The Chiputneticook Lakes International Conservancy, known as CLIC, organized the rally.

In late 2016, Woodland Pulp asked the Federal Energy Regulatory Commission for permission to surrender its license to operate the Forest City hydroelectric dam on East Grand Lake.

The company said the cost of maintaining and operating the dam outweighed the benefit of using the electricity it generated.

But the residents, tourists, camp and business owners in the East Grand Lake area say the move would destroy the economy of the area, and that the dam is crucial to maintaining the water levels.

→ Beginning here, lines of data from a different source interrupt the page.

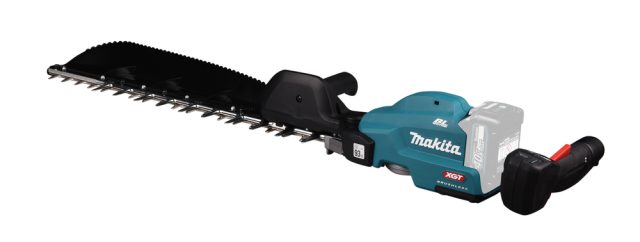 Akumulatora dzīvžogu šķēres XGT ® UH013GZ 40V Makita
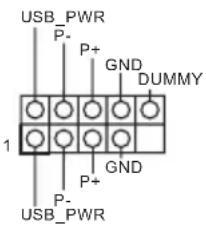 ASROCK DeskMeet X600 - (9针PANEL1) - 5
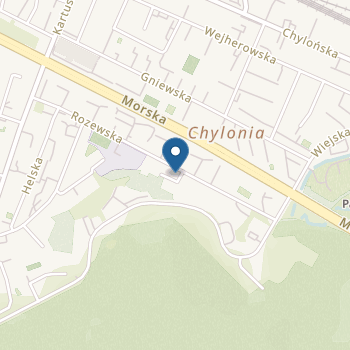 Przedszkole Niepubliczne Świat Smyka na mapie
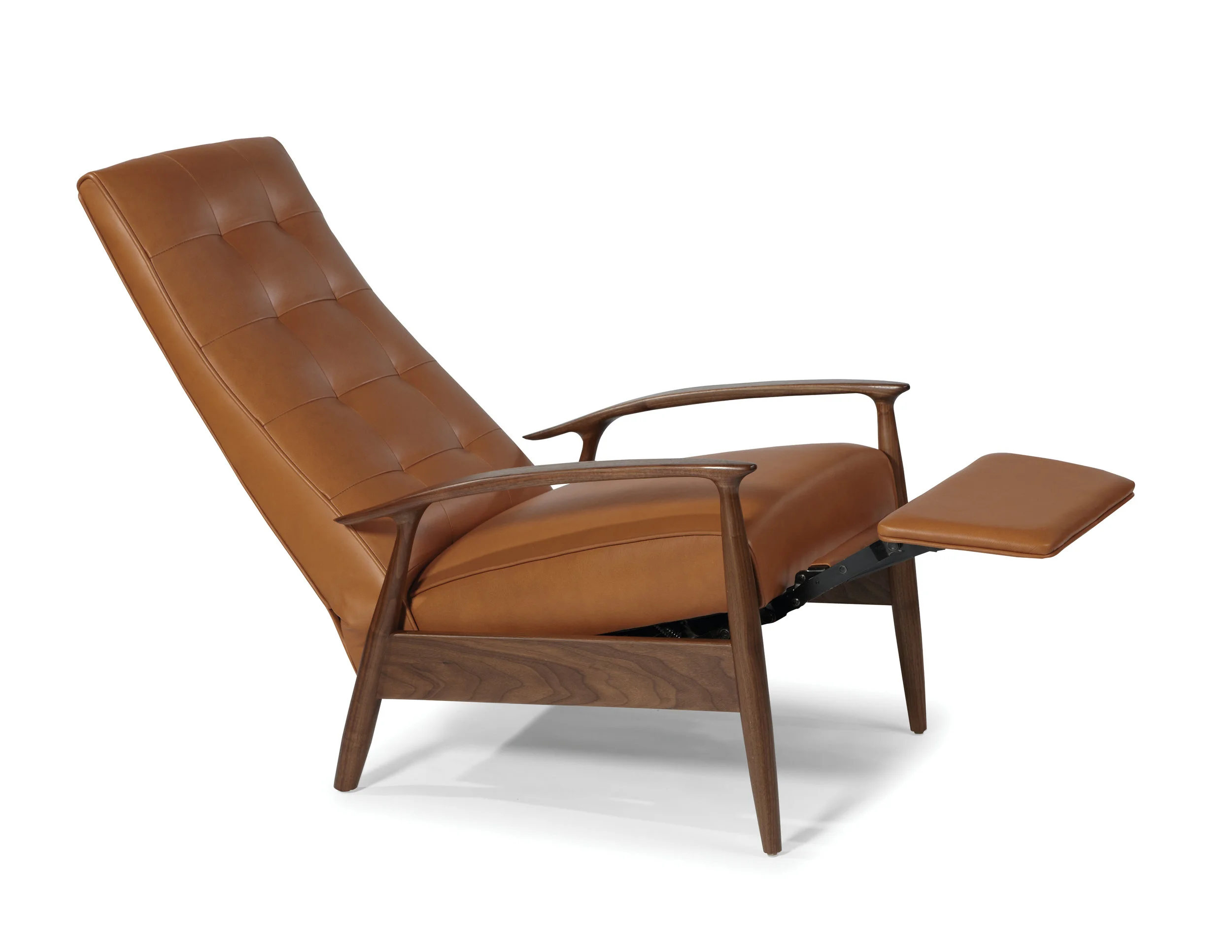 Milo Baughman for Thayer Coggin Tighten Up Recliner 3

Company officials have said meeting the federal agency’s requirements for operating the dam would cost the company $6 million more than it would make from any power generation during the 30-year life of the dam license, which was renewed in 2015.

On Saturday, a rally was held at First Settlers Lodge in Weston in support of keeping the Forest City Dam intact. Lakefront property owners on East Grand Lake have said proper maintenance and operation of the dam must continue, as the lifeblood of the area is its ability to attract anglers and outdoor enthusiasts. 

Hanging in the balance, they contend, are more than 2,000 seasonal camps and cottages around the lake’s edge. 

East Grand Lake, a 16,000-acre impoundment of the St. Croix River that straddles the border between Maine and New Brunswick, exists because of the dam Woodland Pulp wants to relinquish.

Barry Connelly attended the rally on Saturday. He said that he retired to East Grand Lake after previously serving as a representative in the Texas State Legislature.

“I’m really mad,” he said. “I don’t know why we are here. Why is the idea of destroying East Grand Lake even on the table?”

Connelly urged everyone at the rally to contact their local and state representatives and to contact people who were not at the rally and ask them to do the same.

“The idea we’ve got to sell is that we need to compromise,” he said, adding that no one from Woodland Pulp had yet come to them and offered to compromise.

Andrew McCain of McCain Foods Inc, who has property on the Canadian side of the lake, also spoke at the rally.

He said that he didn’t have any issue with Woodland Pulp, but did not feel like the residents, camp and business owners had been dealt with in “good faith” and were going to fight.

“We can and will win,” he said. “But the only way we can do it is with public pressure.” 

The Federal Energy Regulatory Commission will hold a public meeting at 3:30 p.m. on Aug. 28, at East Grand High School in Danforth to try and answer the question of who should maintain the dam. Representatives from the mill and the Maine Department of Inland Fisheries and Wildlife are expected to attend.